Todo es posible

Desde el suelo

A la gente joven el golpe del 23-F le suena lo mismo que a mí la guerra de Cuba cuando tenía su edad. Los más respetuosos intentan disimular el tedio cuando el abuelo les cuenta la batallita del frustrado golpe militar de Tejero y sus secuaces. Los más críticos manifiestan su hartazgo por tanta matraca como estamos dando con la conmemoración del trigésimo aniversario y, además, no se creen una sola palabra de lo que contamos. Sospechan que aquello fue un simulacro organizado por los poderes fácticos (herederos y continuadores del régimen, militares franquistas y servicios secretos con apoyo de la CIA) para atemorizarnos todavía más de lo que estábamos. El golpe triunfó, según su criterio, porque cumplió su objetivo de meternos el miedo en el cuerpo para varios años. Qué clase de democracia era esa, de la que presumimos tanto, cuando un puñado de guardias civiles pega cuatro gritos y cinco tiros, y los diputados acatan la orden del tirarse al suelo sin rechistar, excepto los tres que no se arrugaron.

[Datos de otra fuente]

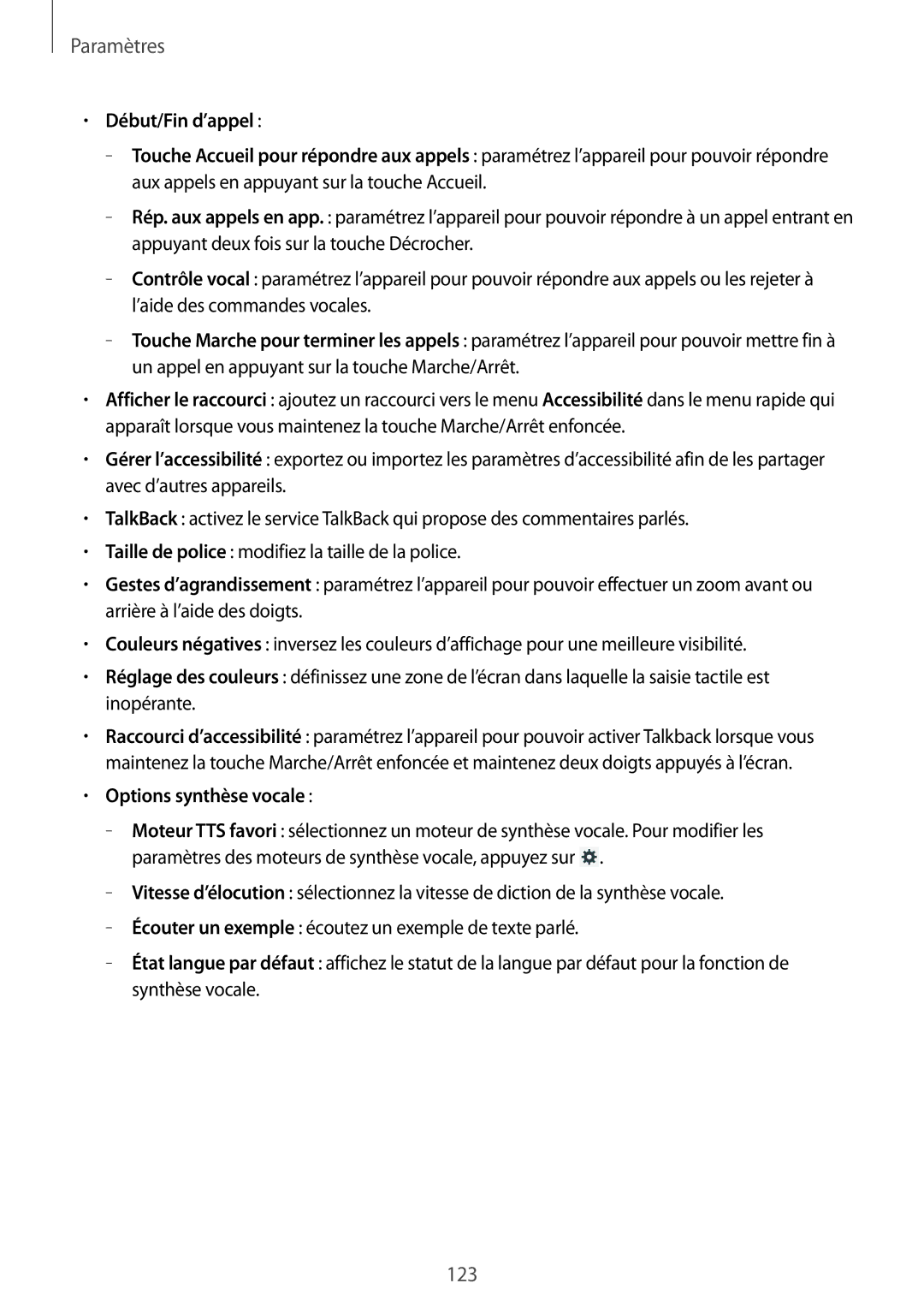 Samsung SM-T3110ZWAXEF manual Options synthèse vocale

La anterior parrafada es un acuse de recibo de los mensajes que me han llegado por contar que considero un privilegio profesional haber vivido el 23-F tirada en el suelo del Congreso. Hasta entonces, la mayoría de los periodistas de la época criticábamos sin piedad a Adolfo Suárez, su reforma política y la exasperante lentitud con la que se producían los cambios en aquel tibio e insuficiente proceso democrático. La noche del 23-F se vieron los riesgos de tensar más la cuerda. Al fracasar la intentona golpista, la Transición se aceleró y nos dimos cuenta de que la democracia, aunque frágil, merecía la pena.